_What the task requires_
Line by line, copy the entries exactly, excluding the pictures.

_Exercise materials_
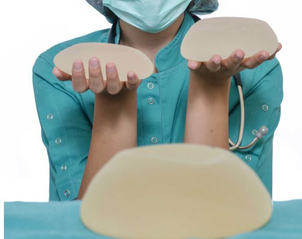 Elección implantes mamarios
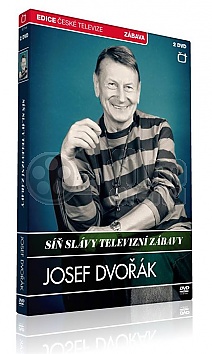 JOSEF DVOŘÁK - Síň slávy  Kolekce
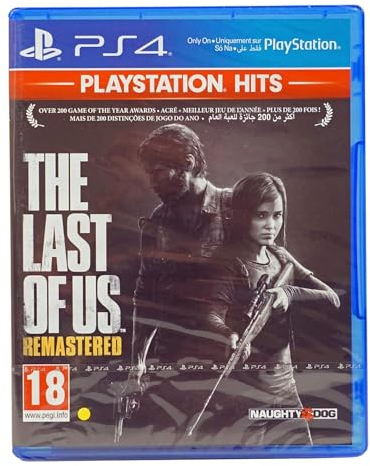 The Last of Us Remastered (Playstation Hits)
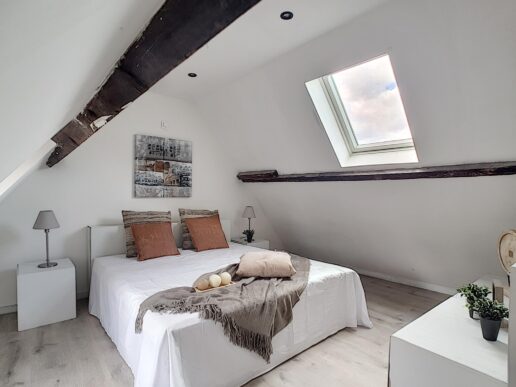 Brugge – Nieuwe Gentweg 77 2deV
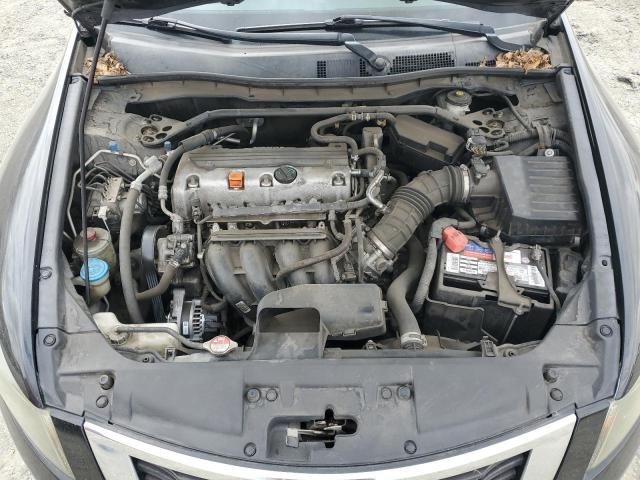 1HGCP2F76AA139927 - 2010 HONDA ACCORD EX BLACK photo 11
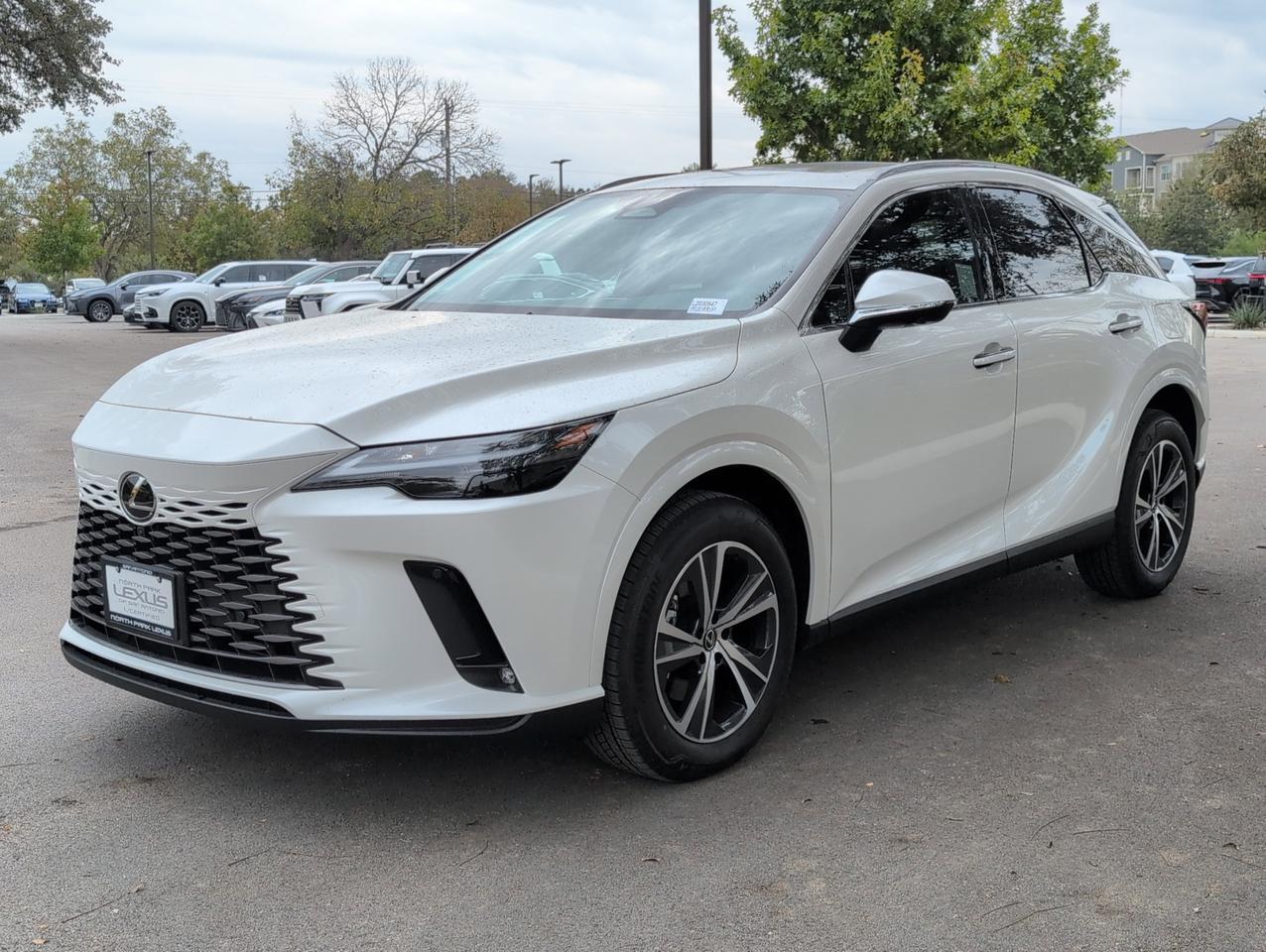 2025 Lexus RX San Antonio TX
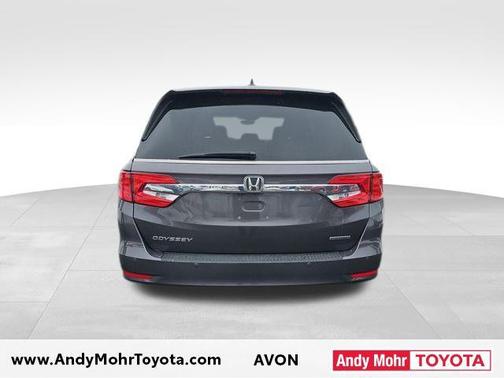 2019 Honda Odyssey Touring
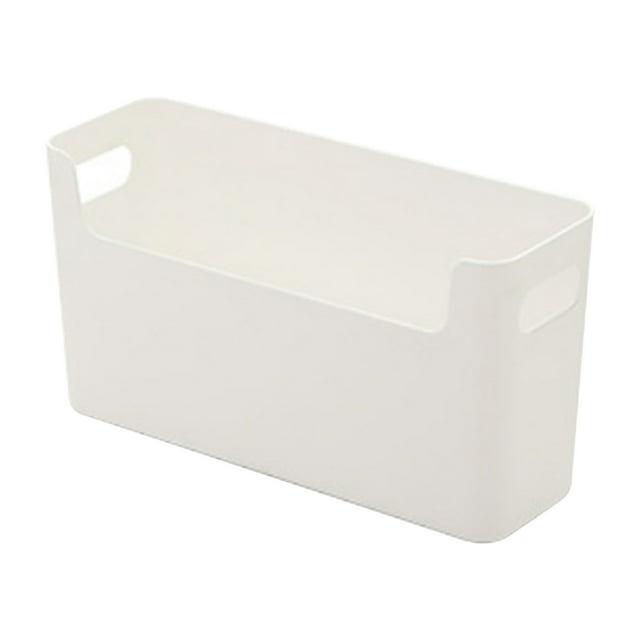 Boîte de Rangement de Cuisine, Boîte de Rangement en Plastique pour Organisation, Rangement de Cuisine, Grande Capacité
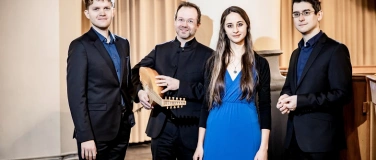 Event-Image for 'KLANG DER STILLE mit "Le Miroir de Musique"'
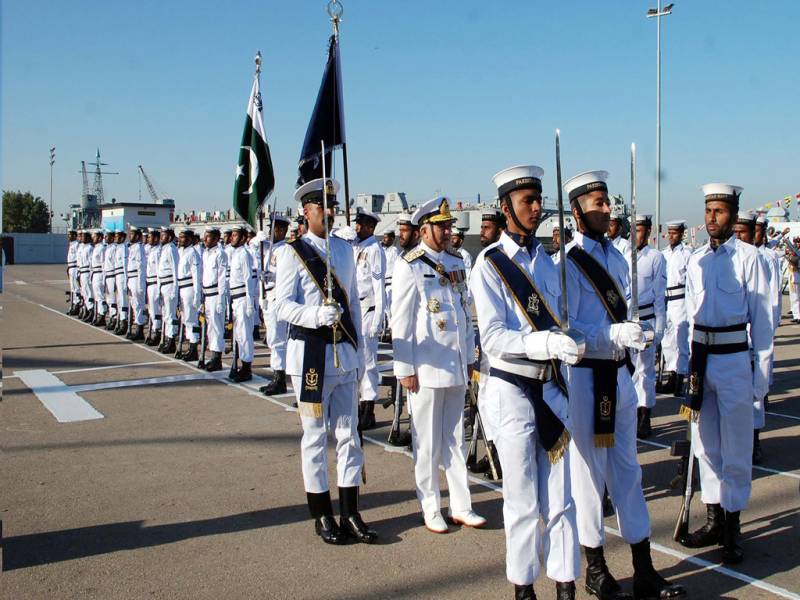 Pak Navy observes Yaum-e-Tashakkur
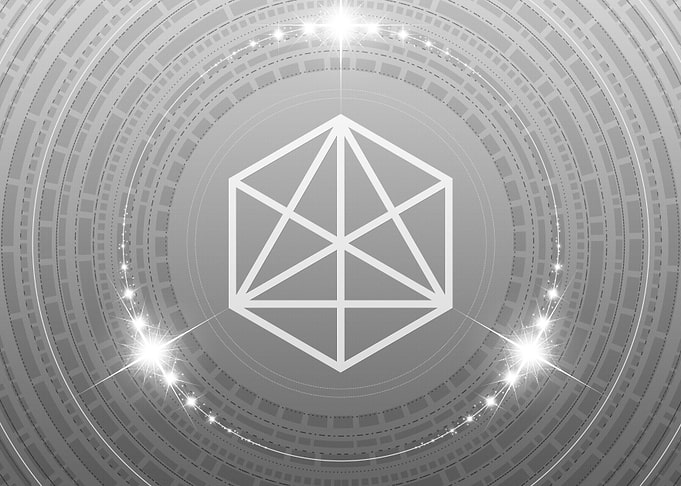 Gray Glyph Mandala Rune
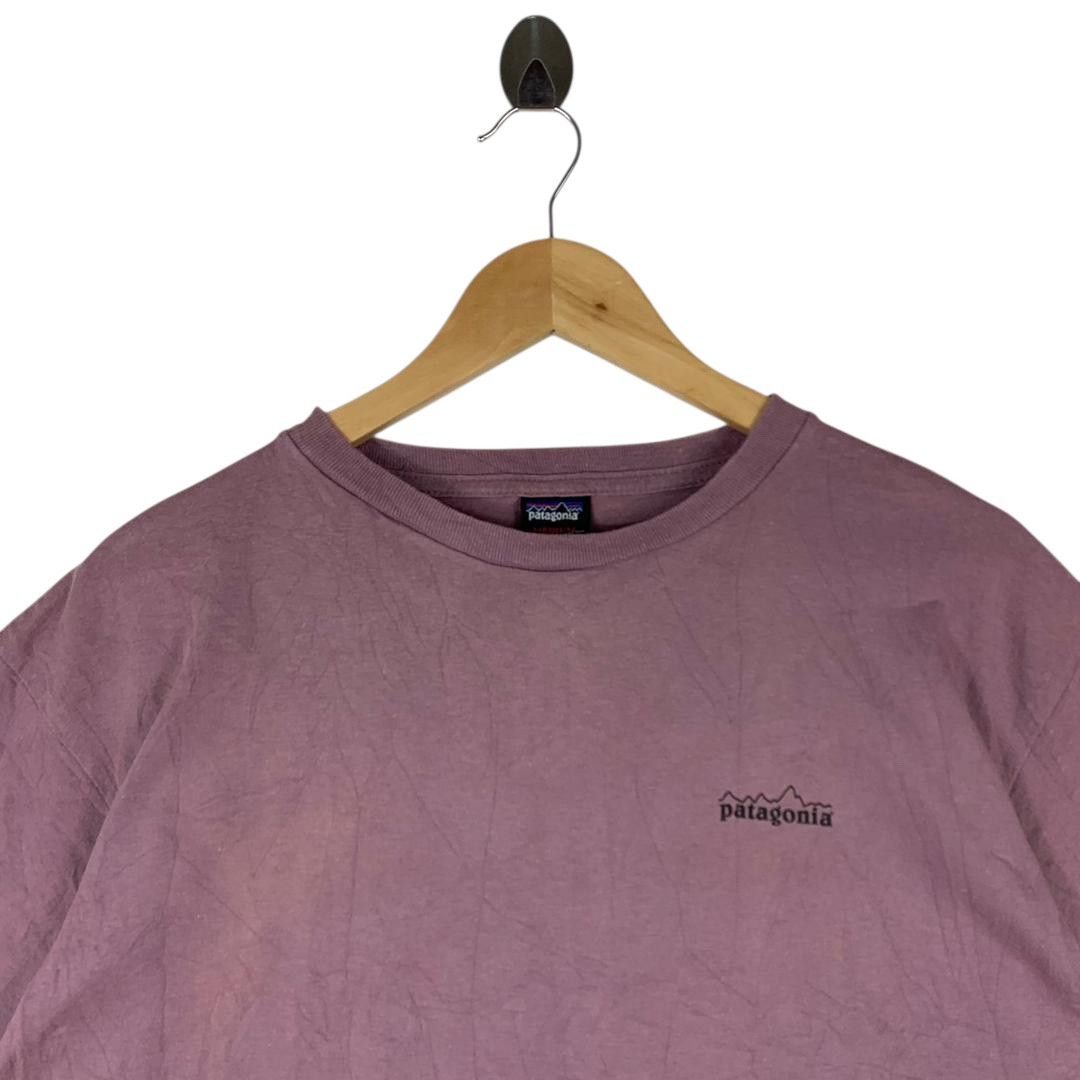 Patagonia Vintage Patagonia Fitz Roy Mountain Horizons Tee Size US M / EU 48-50 / 2 - 3 Thumbnail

_Result of this exercise_
 Elección implantes mamarios
 JOSEF DVOŘÁK - Síň slávy  Kolekce
 The Last of Us Remastered (Playstation Hits)
 Brugge – Nieuwe Gentweg 77 2deV
 1HGCP2F76AA139927 - 2010 HONDA ACCORD EX BLACK photo 11
 2025 Lexus RX San Antonio TX
 2019 Honda Odyssey Touring
 Boîte de Rangement de Cuisine, Boîte de Rangement en Plastique pour Organisation, Rangement de Cuisine, Grande Capacité
 Event-Image for 'KLANG DER STILLE mit "Le Miroir de Musique"'
 Pak Navy observes Yaum-e-Tashakkur
 Gray Glyph Mandala Rune
 Patagonia Vintage Patagonia Fitz Roy Mountain Horizons Tee Size US M / EU 48-50 / 2 - 3 Thumbnail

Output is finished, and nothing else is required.